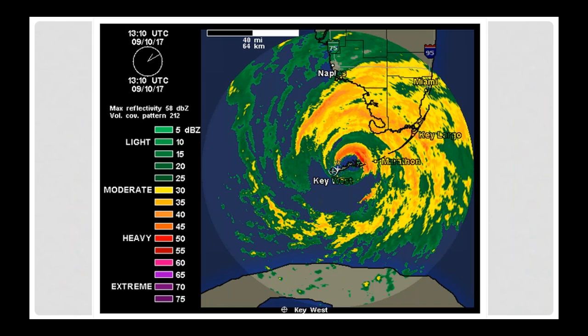Hurricane Irma crossed the southern Keys on September 10th of last year. The winds were much stronger on the eastern half of the storm than on the western half, which is not unusual for hurricanes. This was one of the strongest hurricanes on record — category five when it crossed the Leeward Islands in the Caribbean and category four by the time it came across the Florida Keys. It was two weeks ahead of Hurricane Maria, which followed in its footsteps across the northern Caribbean. As far as the continental United States goes, this was the strongest storm since Katrina in 2005.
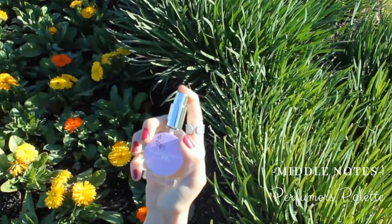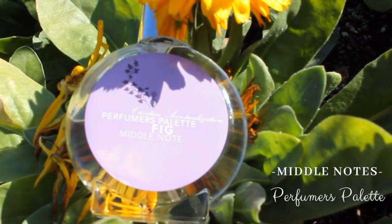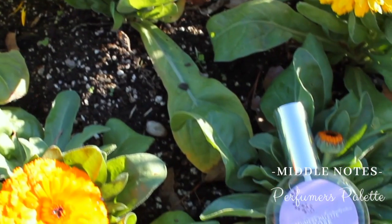In the middle notes, we have fig, which is luscious, green, has a grassy quality. It's unisex. It just layers beautifully.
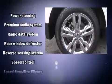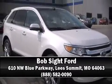Various mechanical systems are monitored by electronic stability control, keeping you on your intended path. Our experienced sales staff is eager to share its knowledge and enthusiasm with you. We are here to help you.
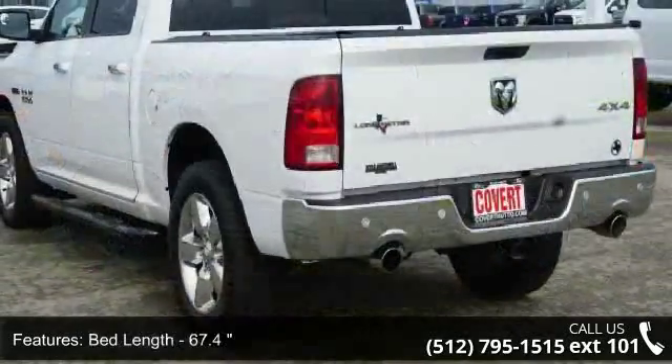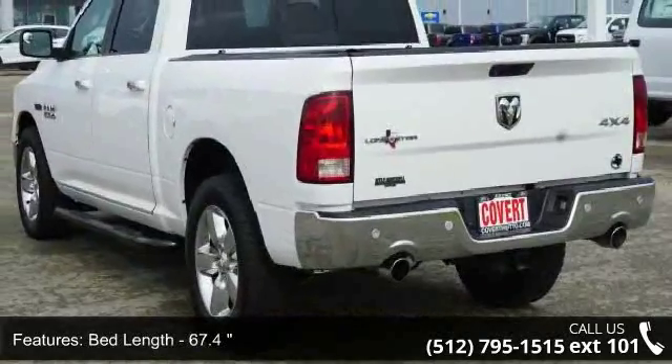Let us put you in the driver's seat today. Call or click to contact our dealership.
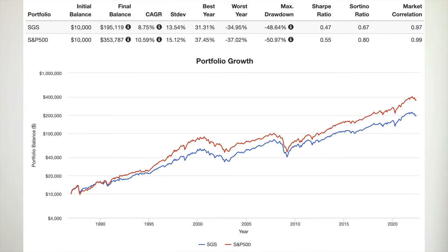Compared to the S&P 500 index, the 2nd Grader's Starter Portfolio has delivered lower general and risk-adjusted returns, with volatility only slightly lower than the S&P 500. This makes sense, as small cap stocks and international stocks have suffered in recent years.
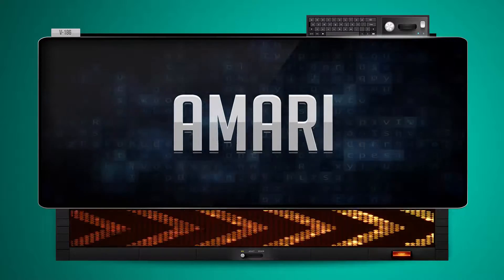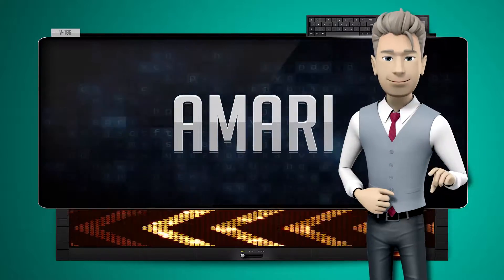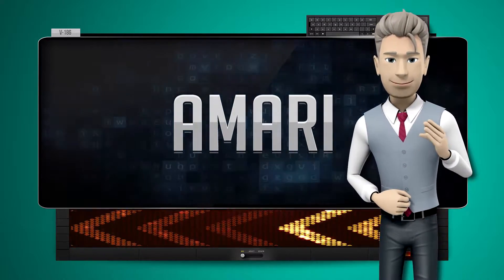And how do you say that backwards? Yerom. One more time — let's pay close attention. Yerom.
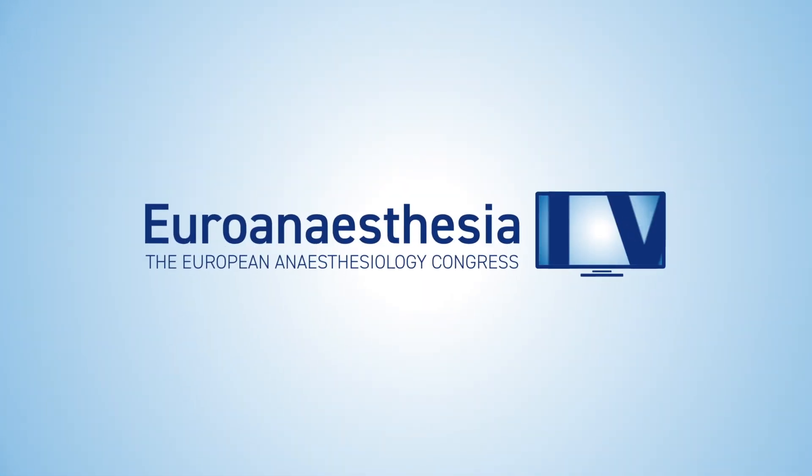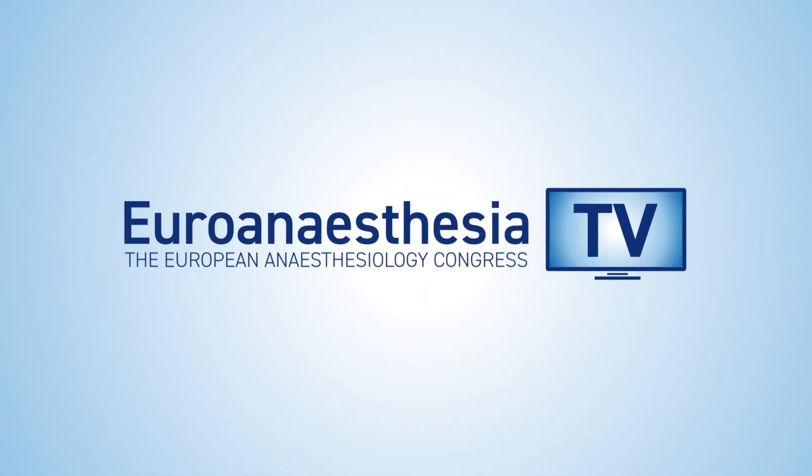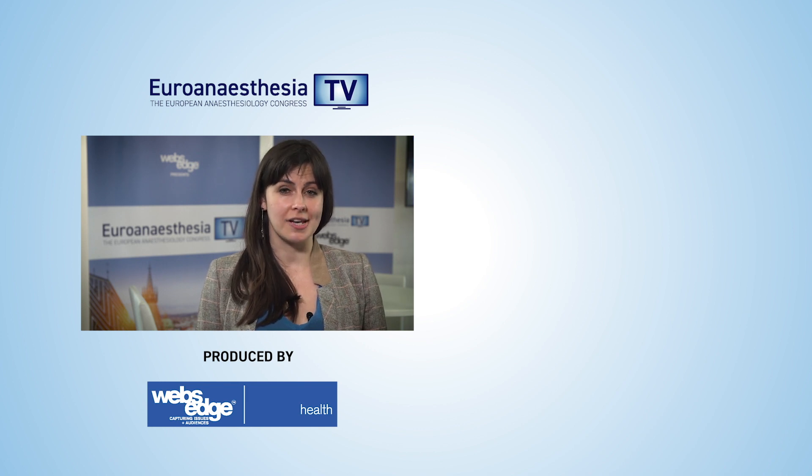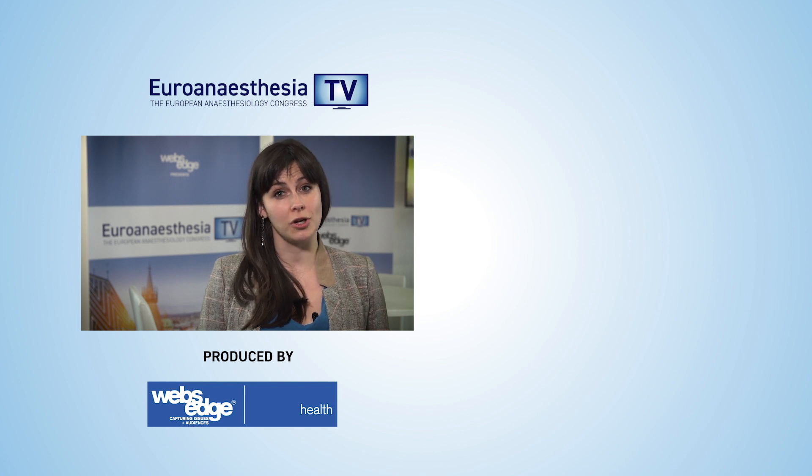I'm glad you're doing such good work on that. Professor Leoni, Professor Lamperti, thank you so much for joining me. Thank you. Euro Anesthesia TV is brought to you from Euro Anesthesia 2019, the European Anesthesiology Congress. For more videos from the Congress, make sure to click these links and subscribe for much more from the world of medicine.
* * *
What you have to do: Above are records; repeat only the lines from the line with "In the middle" through the line with "Compared to the", and leave pictures out.

Solution to the problem:
In the middle notes, we have fig, which is luscious, green, has a grassy quality. It's unisex. It just layers beautifully.
Various mechanical systems are monitored by electronic stability control, keeping you on your intended path. Our experienced sales staff is eager to share its knowledge and enthusiasm with you. We are here to help you.
Let us put you in the driver's seat today. Call or click to contact our dealership.
Compared to the S&P 500 index, the 2nd Grader's Starter Portfolio has delivered lower general and risk-adjusted returns, with volatility only slightly lower than the S&P 500. This makes sense, as small cap stocks and international stocks have suffered in recent years.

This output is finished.